▸ **Record set**:
────

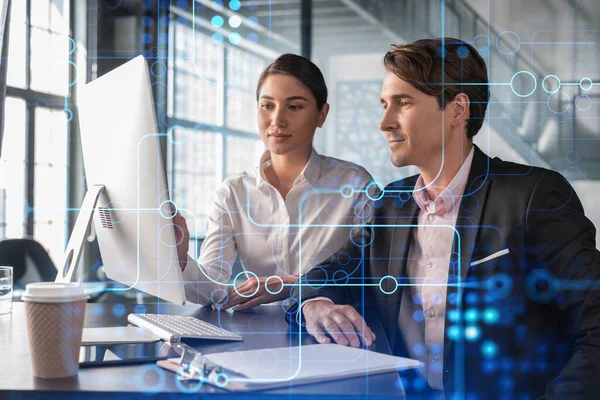 Businessman and businesswoman in formal wear working together to optimize business process by applying new technologies. Hi tech holograms over modern office background with panoramic windows — Stock Photo, Image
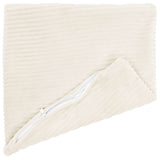 Cushion Cover 12 pcs HEERLEN Cream 45 x 45 cm Corduroy 910395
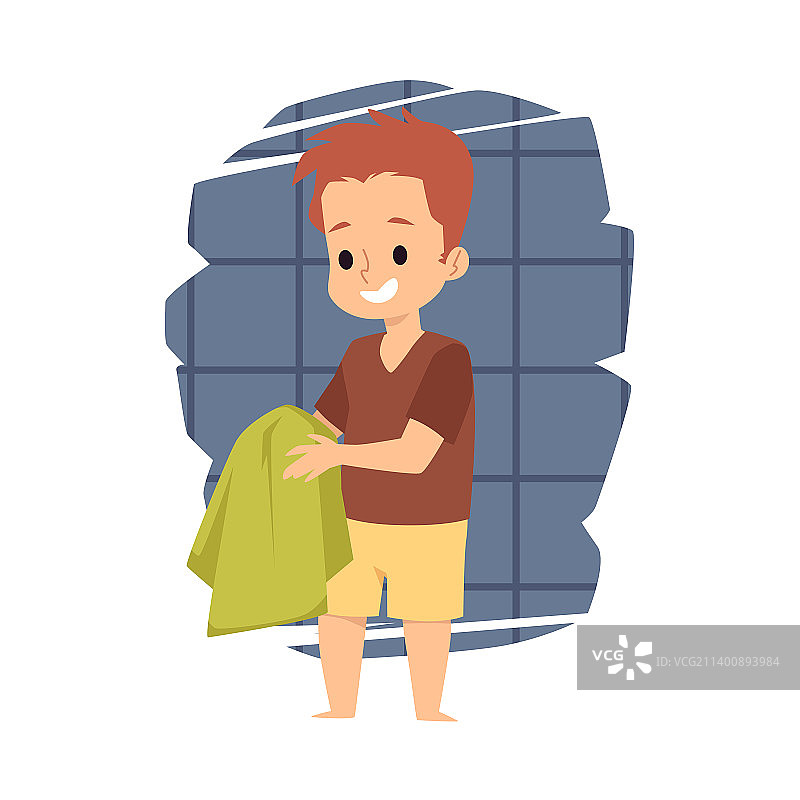 儿童洗手后擦手扁平概念图片素材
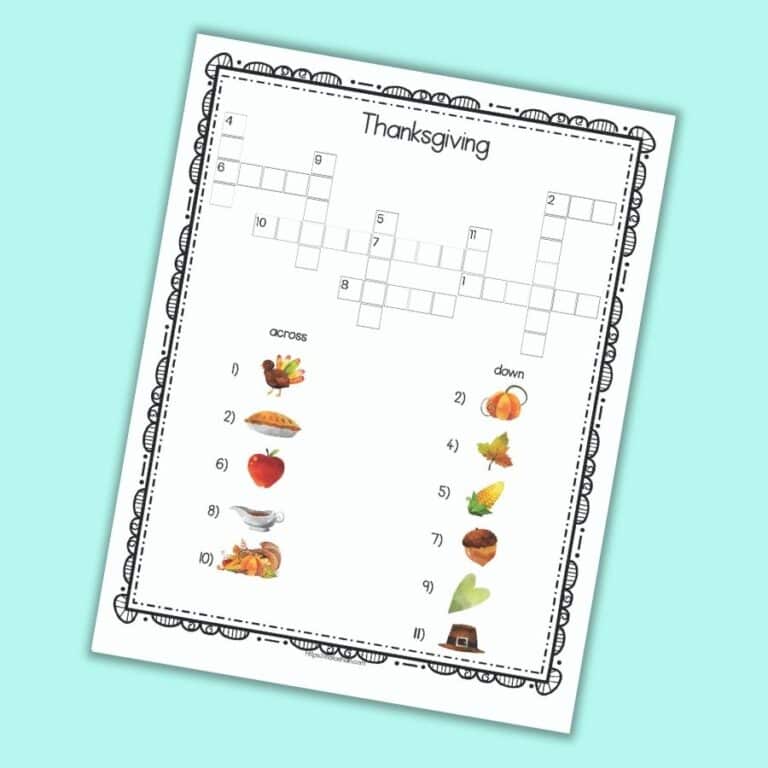 Free Printable Easy Thanksgiving Crossword Puzzle The Artisan Life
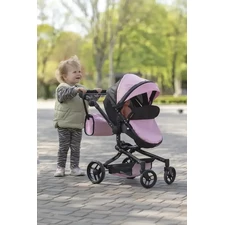 Коляска для куклы Carrello Fortuna 9695 Peach Pink 2 в 1 с сумочкой, пудровая фото 63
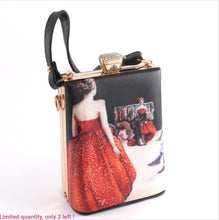 Designer style trendy fashionable uright evening clutch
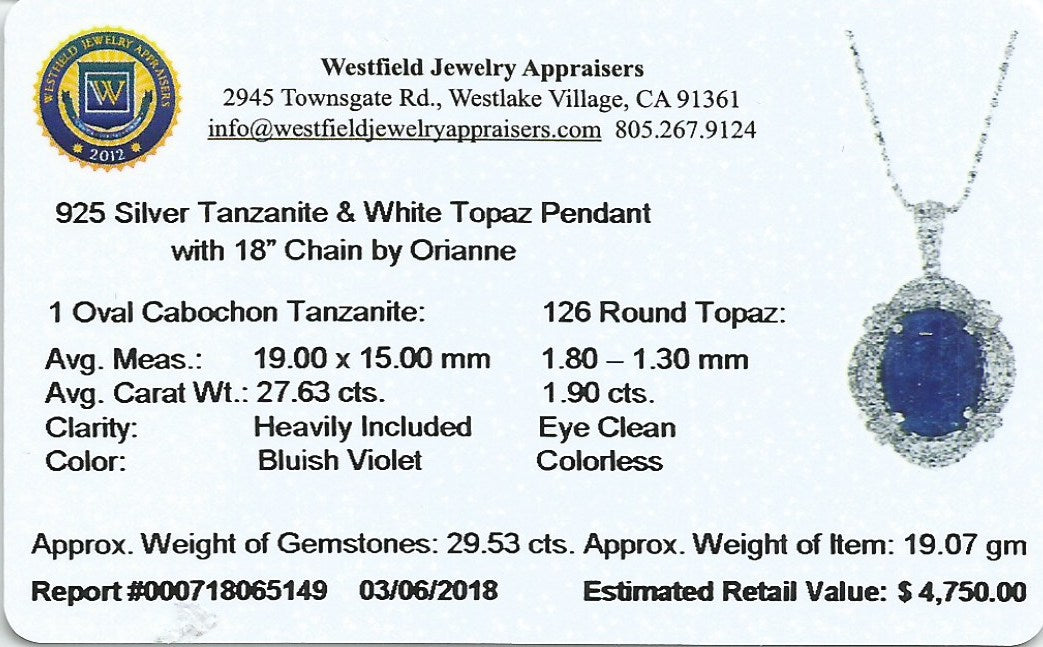 27.63ct Natural Tanzanite and 1.90ctw White Topaz Pendant 925 Silver 19.07 gm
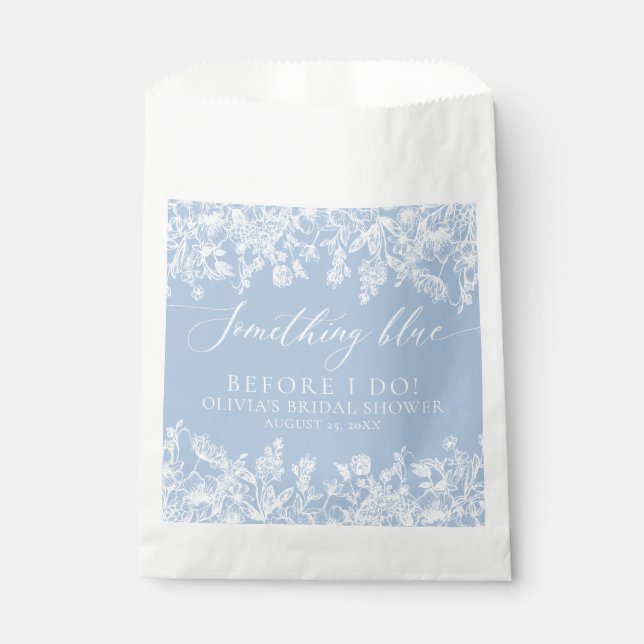 Modern Elegant Dusty Blue Wildflower Bridal Shower Favor Bag (Front)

────

Pictures should be omitted. Please return exactly the lines from the line that holds "Cushion Cover 12" through the end of the records.

▸ **Answer for this exercise**:
 Cushion Cover 12 pcs HEERLEN Cream 45 x 45 cm Corduroy 910395
 儿童洗手后擦手扁平概念图片素材
 Free Printable Easy Thanksgiving Crossword Puzzle The Artisan Life
 Коляска для куклы Carrello Fortuna 9695 Peach Pink 2 в 1 с сумочкой, пудровая фото 63
 Designer style trendy fashionable uright evening clutch
 27.63ct Natural Tanzanite and 1.90ctw White Topaz Pendant 925 Silver 19.07 gm
 Modern Elegant Dusty Blue Wildflower Bridal Shower Favor Bag (Front)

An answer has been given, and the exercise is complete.